Other crowd favorites were Pixar, Panelite, and SnowWorld, a virtual environment for burn victims. Most isolated Jason Miller’s curbside recreations for their brilliance (like the play-doh trash can here, to which we say…we don’t get it). And let’s not forget the iPod, almost everyone said. No one did.

Core77 gives the party report (with an image of the cooler-than-cool coat that won curator Barbara Bloemink UnBeige Award for Best Outfit Ever at the National Design Awards).

Wired’s Michael Myser has photos of what he liked paired with mainly quotes from the catalog and some observations. Tech-heavy, as expected.

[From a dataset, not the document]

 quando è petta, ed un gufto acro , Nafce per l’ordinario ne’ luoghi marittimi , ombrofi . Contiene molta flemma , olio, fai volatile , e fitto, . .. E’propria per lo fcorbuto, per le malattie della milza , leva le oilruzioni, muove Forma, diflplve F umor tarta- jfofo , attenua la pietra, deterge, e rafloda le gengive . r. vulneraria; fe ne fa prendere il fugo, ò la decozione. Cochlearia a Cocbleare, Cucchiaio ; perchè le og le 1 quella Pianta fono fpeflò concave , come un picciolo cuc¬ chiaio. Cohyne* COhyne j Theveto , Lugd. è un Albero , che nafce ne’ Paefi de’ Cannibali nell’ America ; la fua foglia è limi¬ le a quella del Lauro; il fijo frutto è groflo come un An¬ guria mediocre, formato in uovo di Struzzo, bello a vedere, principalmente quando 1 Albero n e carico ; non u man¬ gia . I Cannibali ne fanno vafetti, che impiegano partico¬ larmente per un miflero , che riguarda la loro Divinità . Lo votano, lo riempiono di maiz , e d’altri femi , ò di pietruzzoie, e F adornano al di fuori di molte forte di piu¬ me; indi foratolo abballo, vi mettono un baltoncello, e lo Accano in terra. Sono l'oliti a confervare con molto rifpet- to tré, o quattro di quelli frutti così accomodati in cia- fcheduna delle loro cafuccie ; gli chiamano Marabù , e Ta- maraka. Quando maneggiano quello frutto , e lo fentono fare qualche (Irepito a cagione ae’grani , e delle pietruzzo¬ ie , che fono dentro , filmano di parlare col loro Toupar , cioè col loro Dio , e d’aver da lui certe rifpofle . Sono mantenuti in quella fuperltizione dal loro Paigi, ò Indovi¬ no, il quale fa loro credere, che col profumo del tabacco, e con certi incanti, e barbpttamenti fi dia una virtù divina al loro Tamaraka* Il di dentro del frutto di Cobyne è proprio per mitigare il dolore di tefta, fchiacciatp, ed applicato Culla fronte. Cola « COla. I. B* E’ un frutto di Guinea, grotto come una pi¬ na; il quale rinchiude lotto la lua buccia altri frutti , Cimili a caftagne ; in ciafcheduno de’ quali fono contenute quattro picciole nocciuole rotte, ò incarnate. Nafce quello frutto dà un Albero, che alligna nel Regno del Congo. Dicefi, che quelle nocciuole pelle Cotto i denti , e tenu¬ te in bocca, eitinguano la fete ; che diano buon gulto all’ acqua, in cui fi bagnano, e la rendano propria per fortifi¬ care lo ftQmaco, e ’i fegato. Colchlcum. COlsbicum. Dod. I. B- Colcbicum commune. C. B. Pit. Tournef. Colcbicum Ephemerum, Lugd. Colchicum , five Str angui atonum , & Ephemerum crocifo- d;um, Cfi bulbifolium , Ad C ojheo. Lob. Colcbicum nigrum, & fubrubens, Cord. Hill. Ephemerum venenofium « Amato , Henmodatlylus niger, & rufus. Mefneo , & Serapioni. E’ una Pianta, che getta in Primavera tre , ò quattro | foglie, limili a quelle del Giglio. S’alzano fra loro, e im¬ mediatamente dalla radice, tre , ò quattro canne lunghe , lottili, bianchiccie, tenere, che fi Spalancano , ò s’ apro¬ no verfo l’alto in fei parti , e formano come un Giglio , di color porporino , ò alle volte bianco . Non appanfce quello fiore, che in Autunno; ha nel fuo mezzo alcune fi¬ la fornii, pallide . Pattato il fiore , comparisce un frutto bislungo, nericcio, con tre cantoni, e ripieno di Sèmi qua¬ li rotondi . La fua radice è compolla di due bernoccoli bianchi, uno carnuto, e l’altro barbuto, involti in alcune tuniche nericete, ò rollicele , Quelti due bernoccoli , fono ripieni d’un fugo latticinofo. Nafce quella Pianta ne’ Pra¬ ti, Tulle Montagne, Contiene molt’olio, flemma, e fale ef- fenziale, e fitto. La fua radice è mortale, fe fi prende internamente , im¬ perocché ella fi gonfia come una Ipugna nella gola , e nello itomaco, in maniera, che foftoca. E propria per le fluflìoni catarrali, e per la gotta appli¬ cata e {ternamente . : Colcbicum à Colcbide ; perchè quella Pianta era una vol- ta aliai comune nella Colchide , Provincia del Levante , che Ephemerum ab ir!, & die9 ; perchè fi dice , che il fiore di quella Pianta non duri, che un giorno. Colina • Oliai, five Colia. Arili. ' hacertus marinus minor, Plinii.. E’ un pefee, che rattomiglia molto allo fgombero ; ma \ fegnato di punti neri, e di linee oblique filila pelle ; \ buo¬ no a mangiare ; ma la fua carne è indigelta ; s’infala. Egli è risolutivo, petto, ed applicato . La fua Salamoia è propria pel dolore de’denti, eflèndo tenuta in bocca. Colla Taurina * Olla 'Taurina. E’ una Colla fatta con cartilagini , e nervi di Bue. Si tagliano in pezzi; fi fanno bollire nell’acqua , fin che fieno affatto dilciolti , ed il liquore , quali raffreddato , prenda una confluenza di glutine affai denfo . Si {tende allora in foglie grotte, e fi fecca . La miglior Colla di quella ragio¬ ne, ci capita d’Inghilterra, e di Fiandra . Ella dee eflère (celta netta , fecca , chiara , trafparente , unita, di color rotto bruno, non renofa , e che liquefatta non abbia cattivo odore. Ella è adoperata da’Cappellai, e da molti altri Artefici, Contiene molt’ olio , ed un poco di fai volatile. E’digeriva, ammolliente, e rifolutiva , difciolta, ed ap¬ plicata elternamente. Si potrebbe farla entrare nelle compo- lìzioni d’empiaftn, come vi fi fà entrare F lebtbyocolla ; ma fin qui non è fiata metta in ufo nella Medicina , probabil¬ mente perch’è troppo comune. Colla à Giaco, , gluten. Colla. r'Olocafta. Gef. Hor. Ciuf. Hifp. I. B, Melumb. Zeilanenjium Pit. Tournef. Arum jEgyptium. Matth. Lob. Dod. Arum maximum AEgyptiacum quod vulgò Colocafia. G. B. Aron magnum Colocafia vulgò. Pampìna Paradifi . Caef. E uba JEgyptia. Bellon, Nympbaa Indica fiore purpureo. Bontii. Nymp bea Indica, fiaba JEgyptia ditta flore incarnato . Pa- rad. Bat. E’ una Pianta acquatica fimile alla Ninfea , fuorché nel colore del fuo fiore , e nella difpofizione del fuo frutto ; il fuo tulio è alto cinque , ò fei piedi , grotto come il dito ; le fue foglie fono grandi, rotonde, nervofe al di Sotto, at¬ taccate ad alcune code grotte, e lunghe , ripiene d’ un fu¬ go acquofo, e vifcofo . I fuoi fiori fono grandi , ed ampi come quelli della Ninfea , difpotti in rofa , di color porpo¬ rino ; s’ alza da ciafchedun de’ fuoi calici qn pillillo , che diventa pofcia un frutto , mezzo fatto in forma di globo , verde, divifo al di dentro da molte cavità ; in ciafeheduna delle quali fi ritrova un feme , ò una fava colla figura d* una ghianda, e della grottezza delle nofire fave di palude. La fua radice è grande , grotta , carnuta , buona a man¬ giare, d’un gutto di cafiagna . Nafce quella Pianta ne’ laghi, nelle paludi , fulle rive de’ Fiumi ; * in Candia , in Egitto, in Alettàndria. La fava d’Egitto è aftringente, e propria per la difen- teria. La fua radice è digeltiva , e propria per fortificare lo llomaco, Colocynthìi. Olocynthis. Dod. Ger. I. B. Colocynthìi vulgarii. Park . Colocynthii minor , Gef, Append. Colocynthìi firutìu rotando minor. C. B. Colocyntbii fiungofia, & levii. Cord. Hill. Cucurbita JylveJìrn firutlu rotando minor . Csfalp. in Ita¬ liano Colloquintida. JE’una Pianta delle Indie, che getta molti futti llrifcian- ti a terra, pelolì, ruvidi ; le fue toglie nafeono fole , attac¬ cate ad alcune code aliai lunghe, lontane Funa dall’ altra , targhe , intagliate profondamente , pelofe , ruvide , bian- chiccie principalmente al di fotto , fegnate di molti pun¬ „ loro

The Philly Inquirer seems to be too dazzled by “cool design, man” to understand what’s important or interesting about the show. But we give them points for trying.

And today, the NY Times’ Roberta Smith sifts through the “design pollution” with several dead-on observations, and one that surprised us:

Among the freshest things in “Design Life Now” are the two new fonts, Clash Sans and Clash, designed by COMA for use in the exhibition’s catalog and labels. Both fonts simply combine the two existing, classically opposed fonts Times Roman and sans-serif Helvetica–using one for consonants and the other for vowels. Despite the comfortingly familiar elements, the fonts look as a whole like nothing you’ve quite seen before.

In a world of robot lobsters, type rules. We love that.